Non è uno scherzo! Non mi piacciono gli scherzi! Non è una trovata per divertire chi mi sta leggendo. Non ho mai avuto né l’abilità umoristica né sufficiente ironia per far sorridere chi mi ascolta. E poi, parliamoci chiaro, in questo caso c’è poco da ridere.

Il karate sound è una realtà; l’ultima rivoluzionaria proposta federale inserita nei programmi di formazione dei tecnici, istruttori e maestri. Certo! Non come unica alternativa alle consuete e pluricollaudate metodologie di allenamento, ma come attività complementare finalizzata al coinvolgimento di tutti coloro che non sono interessati o portati per l’agonismo e si annoiano a morte durante le obsolete e austere lezioni basate sull’esclusiva pratica di kihon e kata. Attenzione! Non impiegherò le ultime righe di cui dispongo per sollevare una sterile polemica che, data la situazione, trovo anche troppo scontata.

Anzi, posso perfino spingermi a sostenere che la “trovata”, “l’illuminata intuizione” del karate sound, (considerato dal punto di vista organico, funzionale e ricreativo) sia molto meglio del karate classico.

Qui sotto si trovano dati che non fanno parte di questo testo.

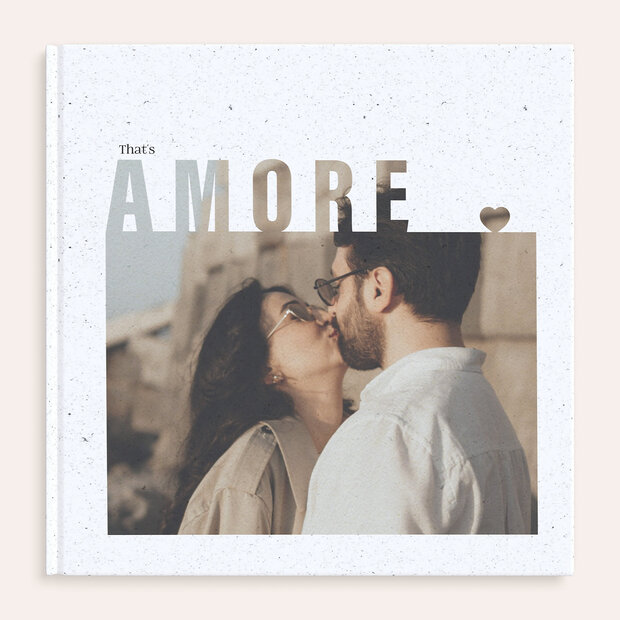 Fotobuch Familie - All that matters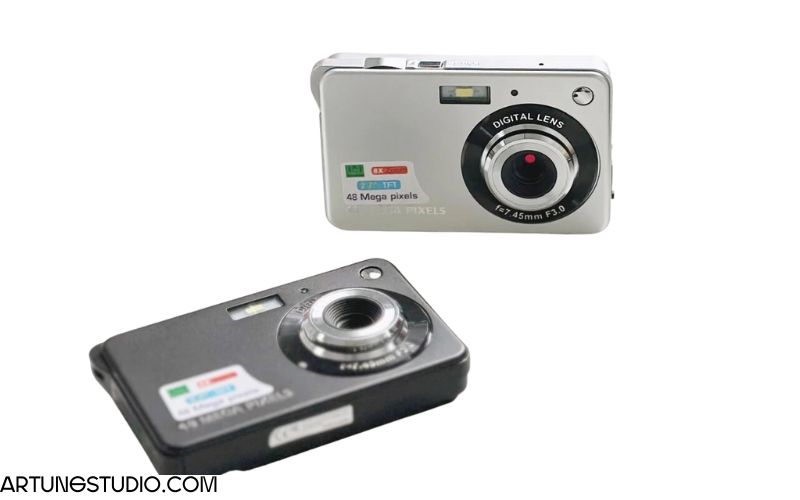 Máy ảnh kĩ thuật số digital mini camera v2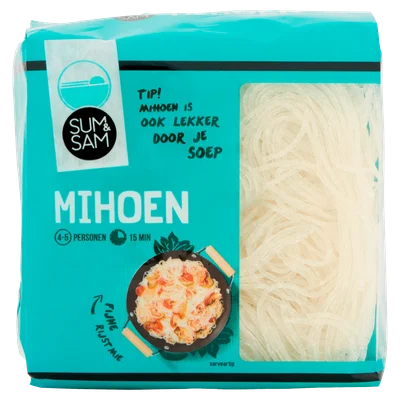 Sum en Sam Mihoen Zak 250 g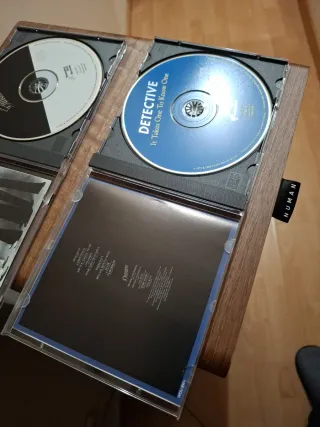 DETECTIVE 1976-1978 2 CDs Classic Rock AOR USA 70s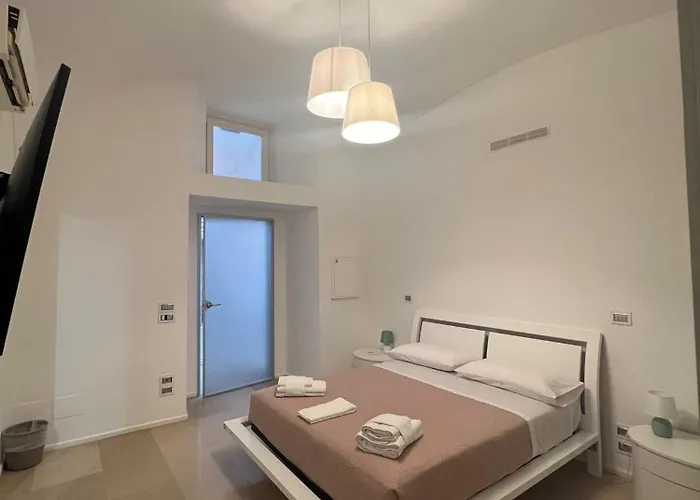 La Bella In Centro Bed & Breakfast Salerno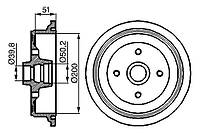 Барабан гальмівний AUDI 80 86-91 0 986 477 016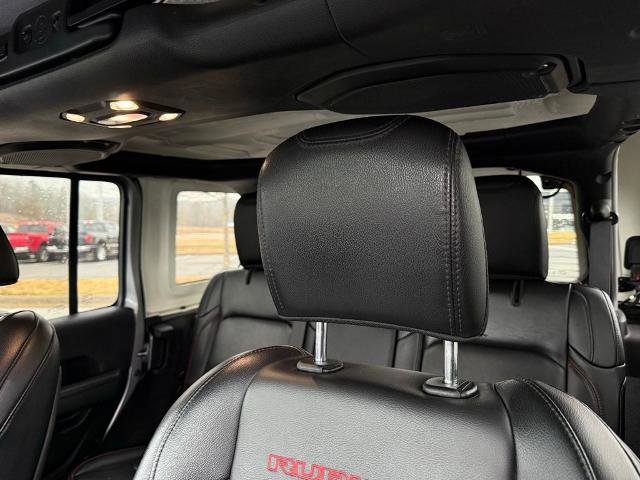 Used 2020 Jeep Wrangler Unlimited Rubicon w/ LED Lighting Group image 23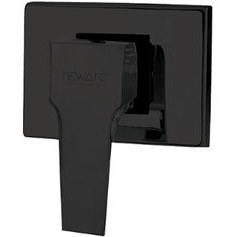 Resim Newarc Aqua Ankastre Dus Bataryası Siyah 941121B 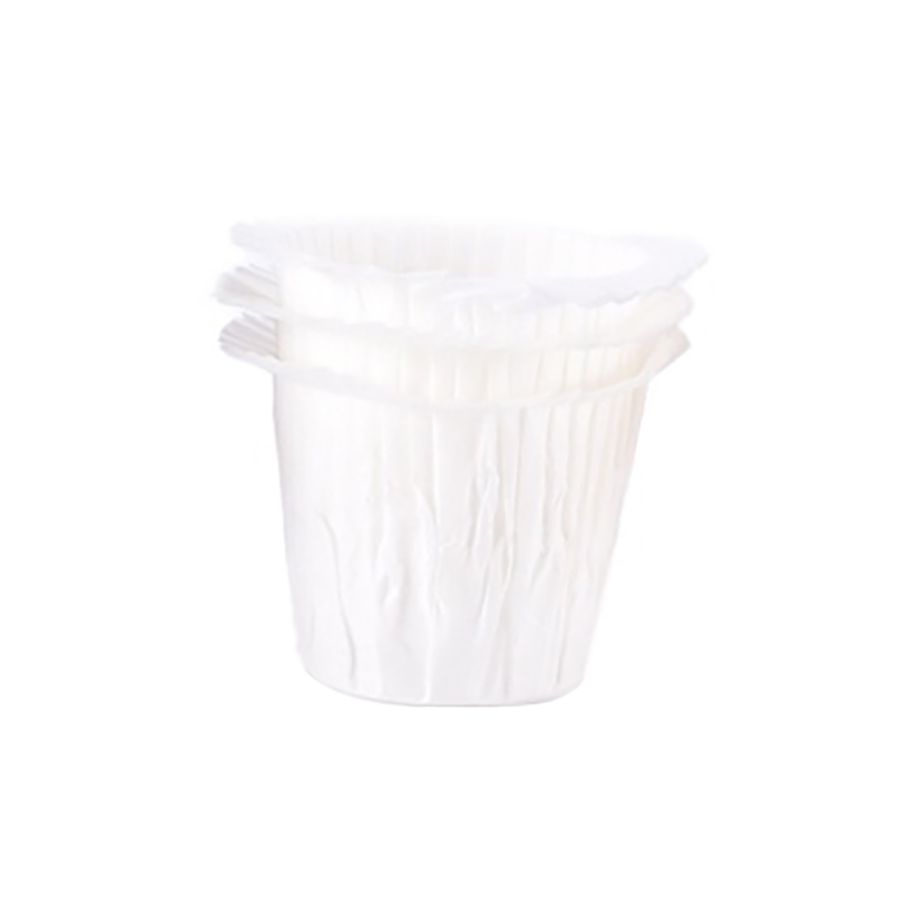 30Pcs High Temperature Resistant Cake Paper Cup Muffin Baking Case Wrap Liners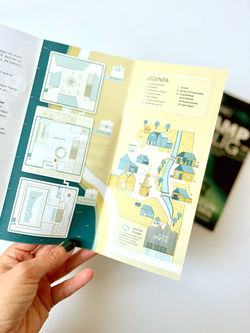 STM Kaap Skil plattegrond 1
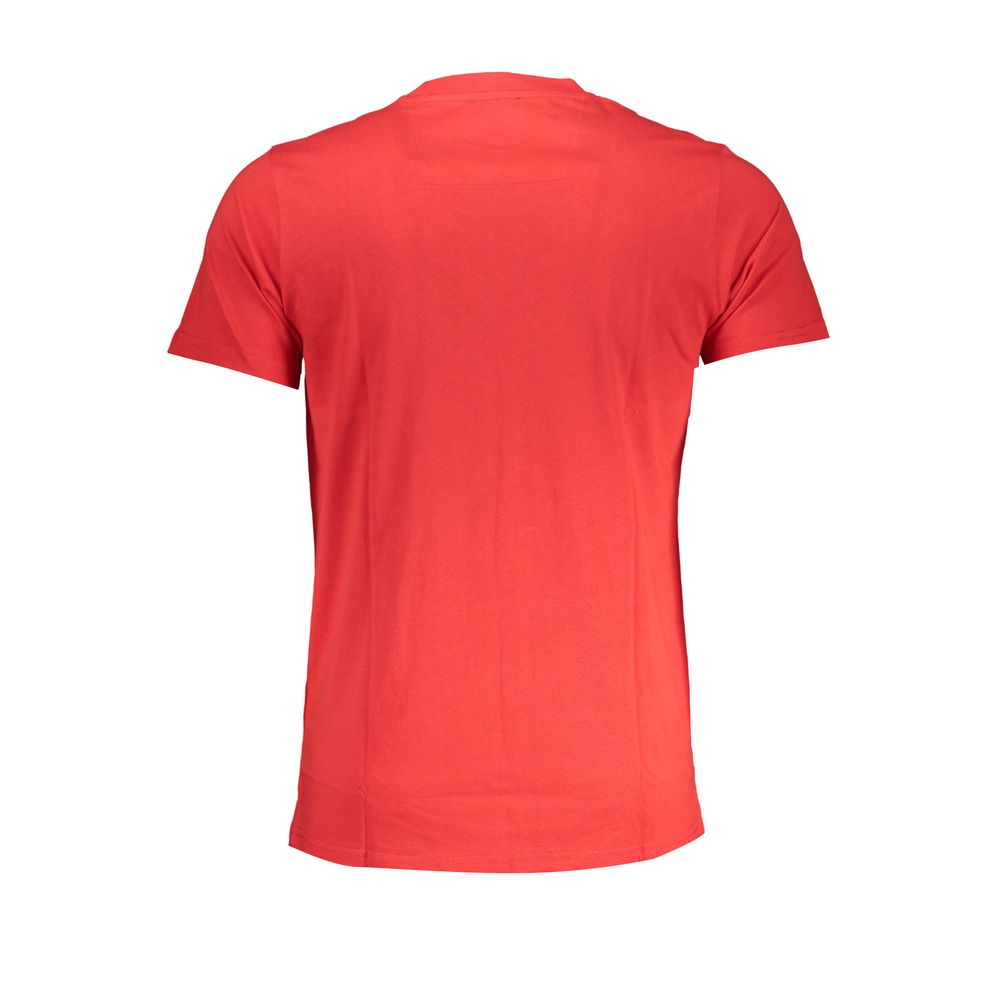 Red Cotton T-Shirt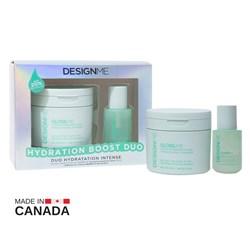 DESIGNME GlossME Hydration Boost Duo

In ogni caso non mi sottrarrò dal manifestare il mio parere e, sebbene con pacatezza, osservare quanto segue: esistono valori in cui le rigidità di pensiero sono necessarie! Il karate nasce come arte marziale e tale identità, se pur mutuata dall’epoca e dalla cultura nella quale è immersa e di cui è parte integrante, non può venire meno e rischiare di scomparire perché sopraffatta da opportunistiche speculazioni di netta impronta mercantile, nonché asservita ai volubili e spesso astrusi regolamenti della competizione.

Sono sicuro che la popolarità del karate, nella sua versione più classica, non è diminuita (lo dimostra il grande numero di partecipanti che ancora caratterizzano i raduni ad esso dedicati). Quella che purtroppo è diminuita, per non dire scomparsa, è la qualità dei Maestri ancora in grado di insegnare, approfondire, rendere vitale, interessante, ricca di emozioni e di spunti intellettuali, proprio quella formidabile e pressoché inesauribile fonte di conoscenza ed auto coscienza rappresentata dallo studio delle arti marziali e, nel caso specifico, dal karatedo.

Mi rendo conto… sì mi rendo conto… non pensate che non vi comprenda… sì, mi sto rivolgendo proprio a voi fieri e orgogliosi “Maestri” blasonati, carichi di dan, di qualifiche, di incarichi prestigiosi, di grosse responsabilità federali, di legittimi interessi personali. Del karate al quale avete immolato buona parte dei vostri anni migliori non ci avete mai capito granché, e quell’allenamento quotidiano che una timida parte della vostra coscienza di insegnanti vi suggeriva di dedicarvi non ha mai goduto del vostro gradimento.

Il famoso “do” è smarrito da tempo; tutto sommato meglio prendere vie più comode e, se possibile, più redditizie. L’identità marziale è perduta e, probabilmente con essa, è andata perduta anche la faccia… ma, come si suol dire, dove c’è pane c’è patria.